Coming out of the depths of last winter, spring seemed sudden, too fast and impossible to engage with. By April it was unseasonably hot here and I wandered around in a daze, because on the inside I was still in winter. That I was suffering from depression no doubt didn’t help. The tides of my own life had fallen entirely out of synch with the seasons, and no amount of wanting to fit was going to change that.

We had a peculiar summer in the UK – much of it grey and damp. It was frequently cold, and didn’t feel like a ‘proper’ summer at all. So my ideas of the season and the actuality of it didn’t match up either. Now autumn is here. Truly here. Misty mornings, leaves changing colour, and although it’s been hotter than usual, it does, definitely, feel like autumn. I also feel like I’m here, for the first time this year. It is autumn for me on the inside as well. I am feeling the sweet sadness of letting go, that strange appreciation for melancholy inherent in the ephemeral beauty of things. Apparently the Japanese have a word for this, but we don’t.

There are still chicks. The moorhens in particular had late broods, so plenty of the younger birds are still fuzzy, barely adult. They don’t look even slightly autumnal, and being smaller will no doubt have a harder time of it when we enter the lean wintery weeks. Living so very close to nature this year has made me realise that a lot of the time, ‘nature’ does not conform to our simple wheel of the year story either.

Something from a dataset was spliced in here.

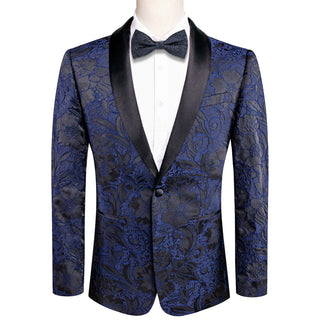 Luxury Blue Black Floral Men's Italian Blazer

Living things do what they can, when they can. Sometimes that works, and other times it doesn’t.

My early encounters with Druidry involved a lot of instruction about how I was ‘supposed’ to engage with the cycle of the seasons and how I ‘should’ be feeling and behaving at different times of the year. I’m becoming ever more confident about rejecting that model. It belongs to an urban paganism that mostly stays indoors and imagines what nature is doing ‘out there’ and attunes to that imaginary perception. Before I lived on the boat, I had no idea of all the things I did not know about the cycles of the seasons, and the fine details of living. In fairness to me, I knew a lot, but it was nothing compared with what there is to know. Nature has taught me a lot this year, not least that it is not a single, coherent thing, but the total of many lives, energies and intentions all rubbing along together. No one told the moorhens that spring was the time for new things and autumn the time for dying away.

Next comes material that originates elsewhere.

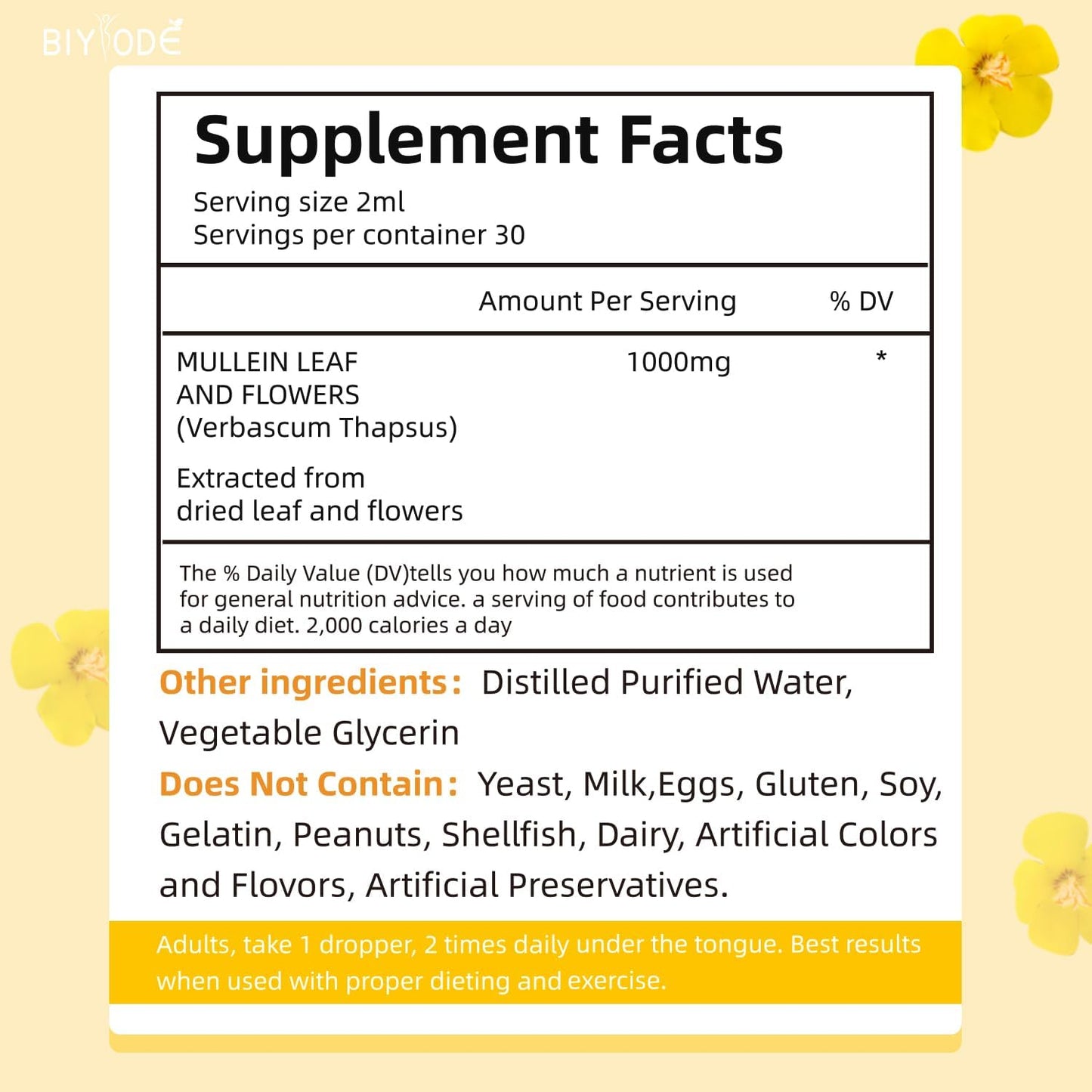 60ml BIYODE Mullein Drops: Natural Leaf Extract for Respiratory Health & Lung Cleanse - Vegan & Non-GMO - 30-Day Supply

The complexity of the natural world – of which we are very much a part – is beautiful. It is full of wonder, surprise and mystery. If we let ourselves believe that we understand it, know how it works and are in tune with it, we can miss so much. I thought I knew. I thought, being outdoors every day and paying attention to the trees and birds, I had a fair understanding, but I had barely scraped the surface. Thinking I was some kind of expert and finding myself to be a total novice has been a really good learning experience. It’s re-opened my eyes for me, made me look closer, and stop for longer to listen. I’ve re-learned how not to assume that I know. Embracing my ignorance, I go out with new openness and see things I might otherwise have missed.

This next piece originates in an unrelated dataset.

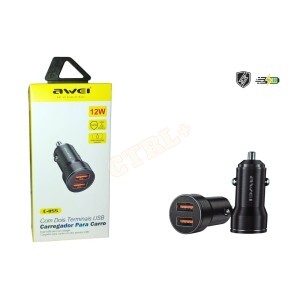 CARREGADOR VEICULAR 2.4A 12-24V 12W (AWEI)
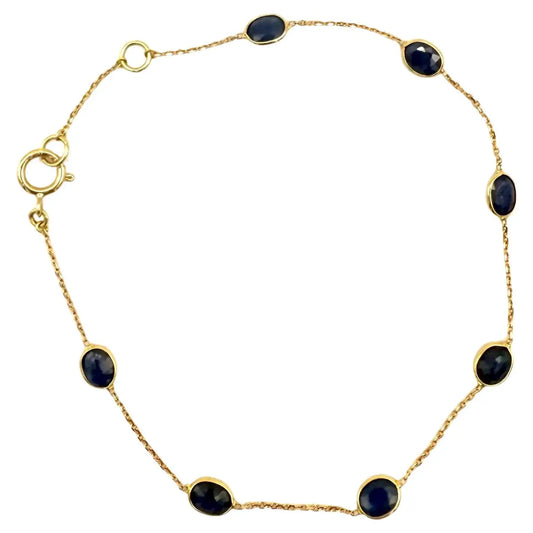 2.5 Ct Oval Cut Blue Sapphire Station Chain Stackable Bracelet 18K Yellow Gold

I Tai Chi, when you have learned the series of movements, what you do is go back to the beginning, to the simplest, most basic of moves, and learn them again. You learn them more deeply, with more attention to detail, bringing the knowledge gleaned from the first cycle of learning back to the very beginning. There is no end to this, no point of achieving sufficient insight that you can quit learning and call yourself an expert. I think Druidry is the same.